--- Exercise requirements ---
Give back all of the data exactly as it stands, with the pictures removed.

╭─ Material provided

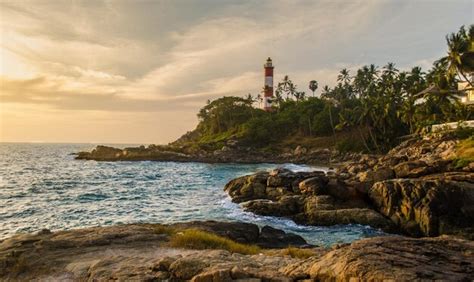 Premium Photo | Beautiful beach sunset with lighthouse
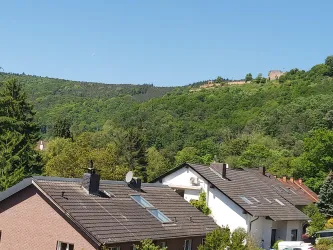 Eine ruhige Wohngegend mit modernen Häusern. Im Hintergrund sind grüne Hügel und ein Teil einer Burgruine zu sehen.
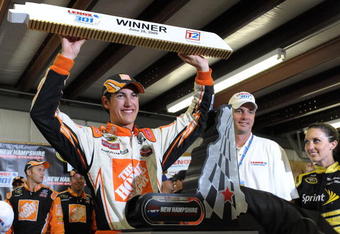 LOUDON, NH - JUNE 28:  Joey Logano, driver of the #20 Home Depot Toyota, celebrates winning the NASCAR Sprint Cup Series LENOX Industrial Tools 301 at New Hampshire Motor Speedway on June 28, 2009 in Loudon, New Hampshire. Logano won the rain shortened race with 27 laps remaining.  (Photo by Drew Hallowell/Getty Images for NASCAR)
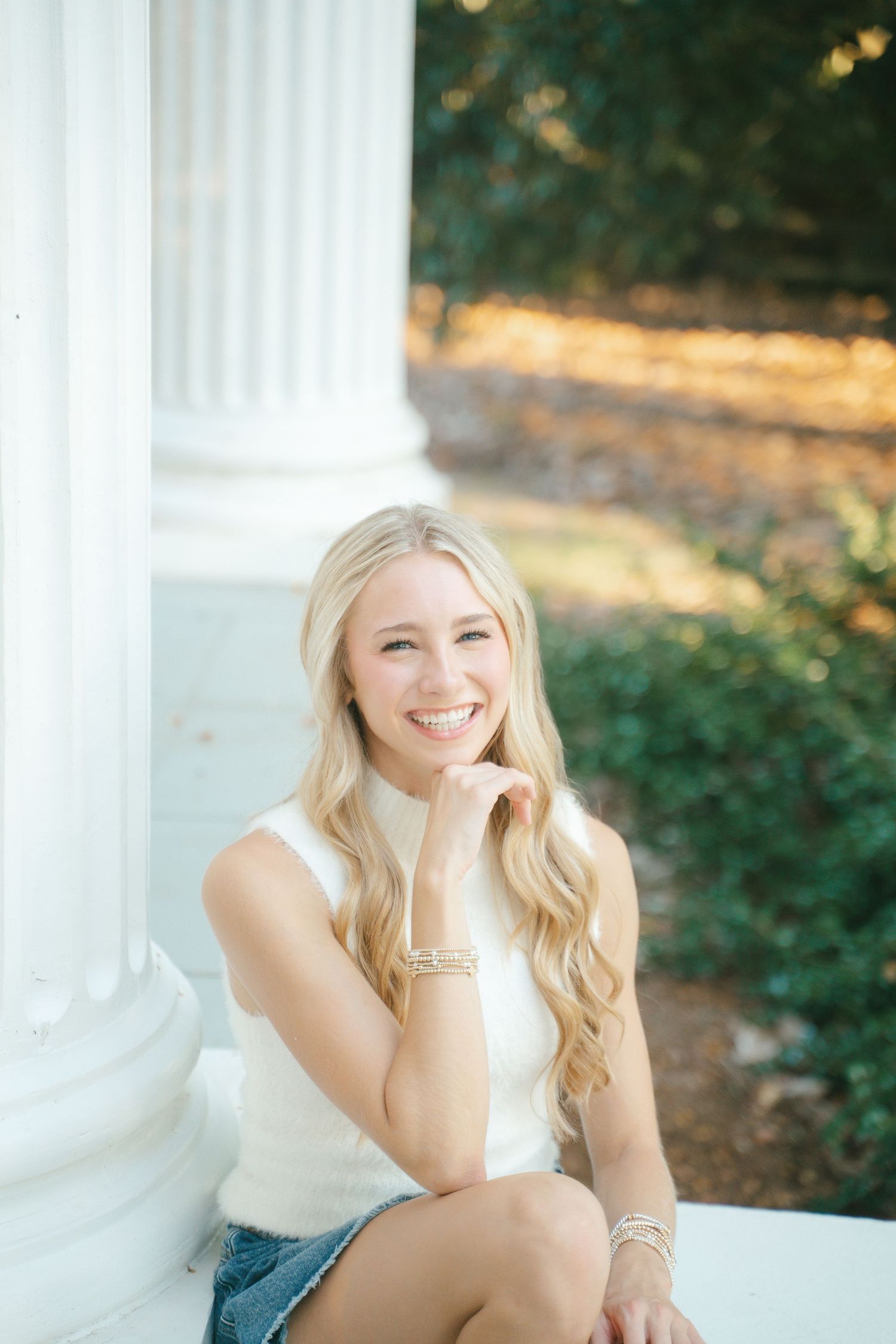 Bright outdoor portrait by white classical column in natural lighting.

╰─

--- Solution for this task ---
 Premium Photo | Beautiful beach sunset with lighthouse
 Eine ruhige Wohngegend mit modernen Häusern. Im Hintergrund sind grüne Hügel und ein Teil einer Burgruine zu sehen.
 LOUDON, NH - JUNE 28:  Joey Logano, driver of the #20 Home Depot Toyota, celebrates winning the NASCAR Sprint Cup Series LENOX Industrial Tools 301 at New Hampshire Motor Speedway on June 28, 2009 in Loudon, New Hampshire. Logano won the rain shortened race with 27 laps remaining.  (Photo by Drew Hallowell/Getty Images for NASCAR)
 Bright outdoor portrait by white classical column in natural lighting.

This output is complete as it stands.